> EXERCISE MATERIAL:
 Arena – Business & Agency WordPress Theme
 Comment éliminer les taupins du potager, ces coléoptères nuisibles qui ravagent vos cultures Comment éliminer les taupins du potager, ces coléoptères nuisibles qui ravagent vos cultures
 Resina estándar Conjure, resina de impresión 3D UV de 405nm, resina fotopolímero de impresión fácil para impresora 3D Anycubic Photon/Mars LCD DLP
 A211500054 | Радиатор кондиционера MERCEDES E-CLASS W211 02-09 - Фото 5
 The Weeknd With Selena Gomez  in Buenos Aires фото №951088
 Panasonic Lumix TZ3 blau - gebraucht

==

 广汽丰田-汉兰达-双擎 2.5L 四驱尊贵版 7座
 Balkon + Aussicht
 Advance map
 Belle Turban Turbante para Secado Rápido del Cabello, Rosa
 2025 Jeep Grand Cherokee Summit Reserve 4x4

* * *

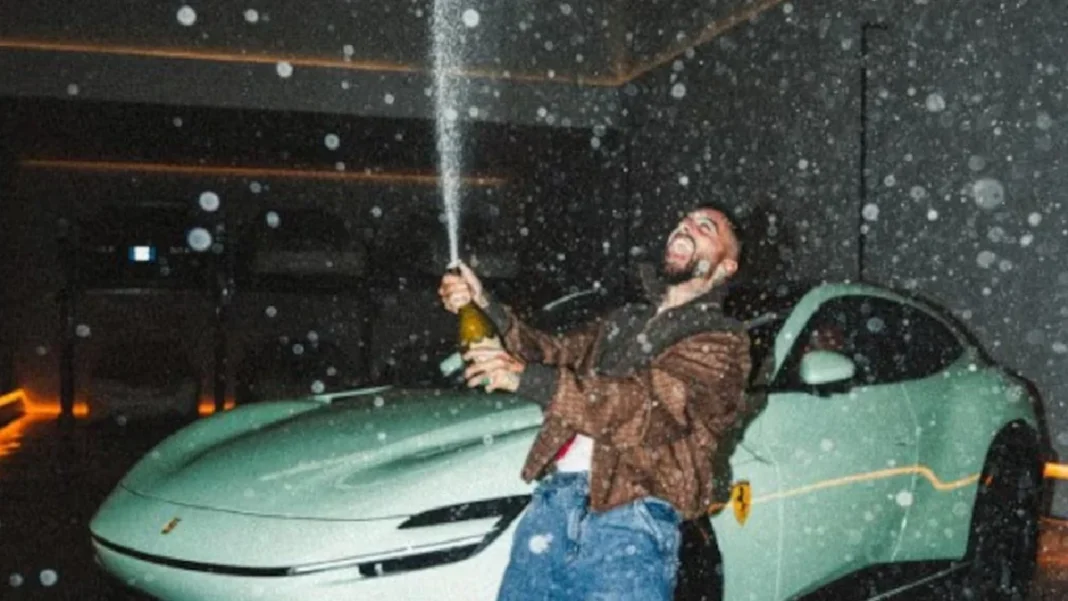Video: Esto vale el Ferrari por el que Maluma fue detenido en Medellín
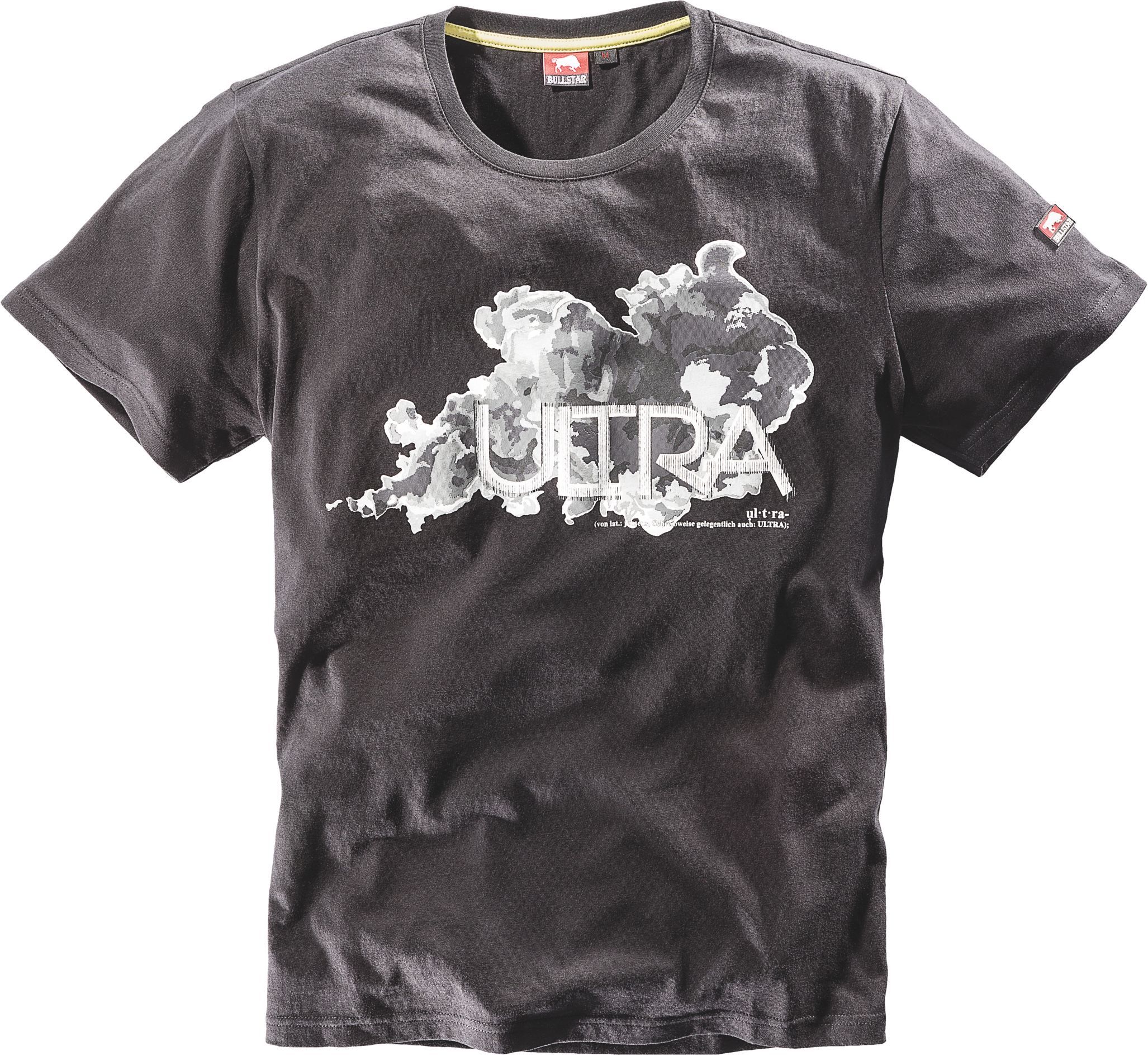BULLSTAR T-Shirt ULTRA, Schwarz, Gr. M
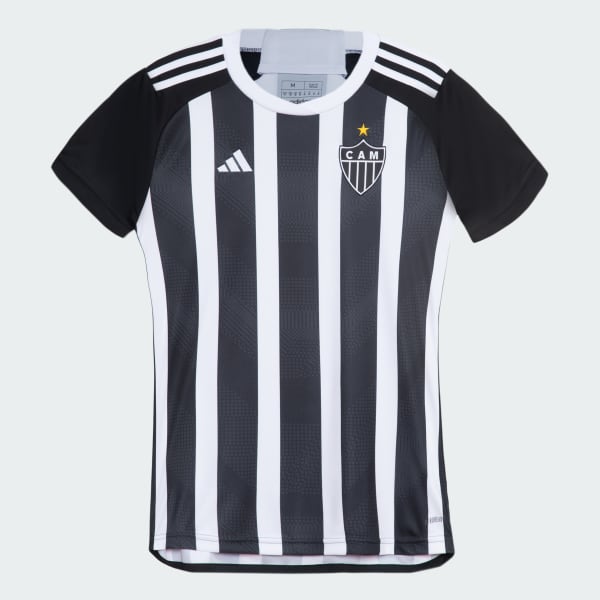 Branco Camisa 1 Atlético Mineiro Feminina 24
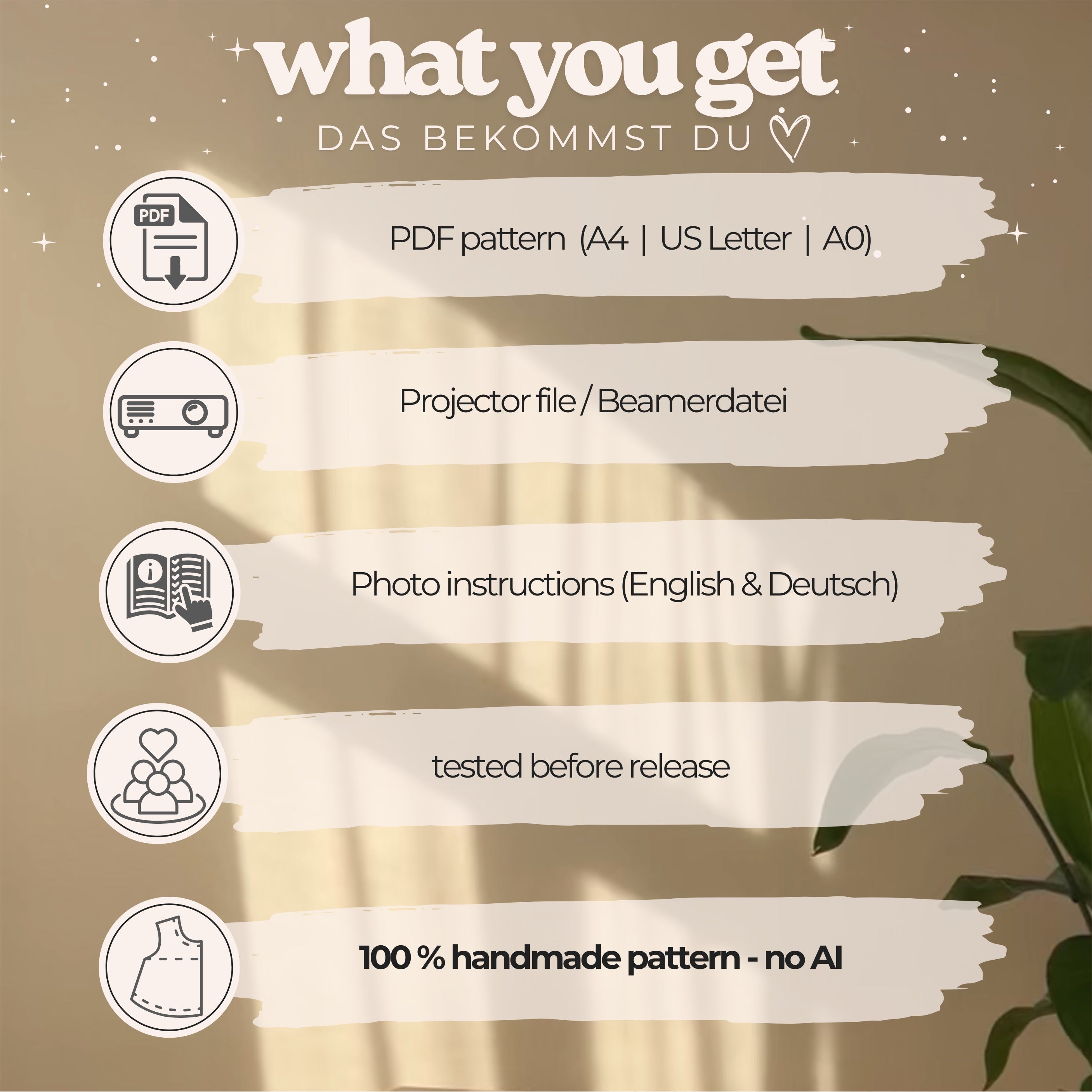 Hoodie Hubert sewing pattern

> ASSIGNMENT: From the data above, output only the lines between the line containing "Resina estándar Conjure, resina" and the line containing "Panasonic Lumix TZ3 blau - gebraucht", inclusive, exactly as written.

> WRITTEN SOLUTION:
 Resina estándar Conjure, resina de impresión 3D UV de 405nm, resina fotopolímero de impresión fácil para impresora 3D Anycubic Photon/Mars LCD DLP
 A211500054 | Радиатор кондиционера MERCEDES E-CLASS W211 02-09 - Фото 5
 The Weeknd With Selena Gomez  in Buenos Aires фото №951088
 Panasonic Lumix TZ3 blau - gebraucht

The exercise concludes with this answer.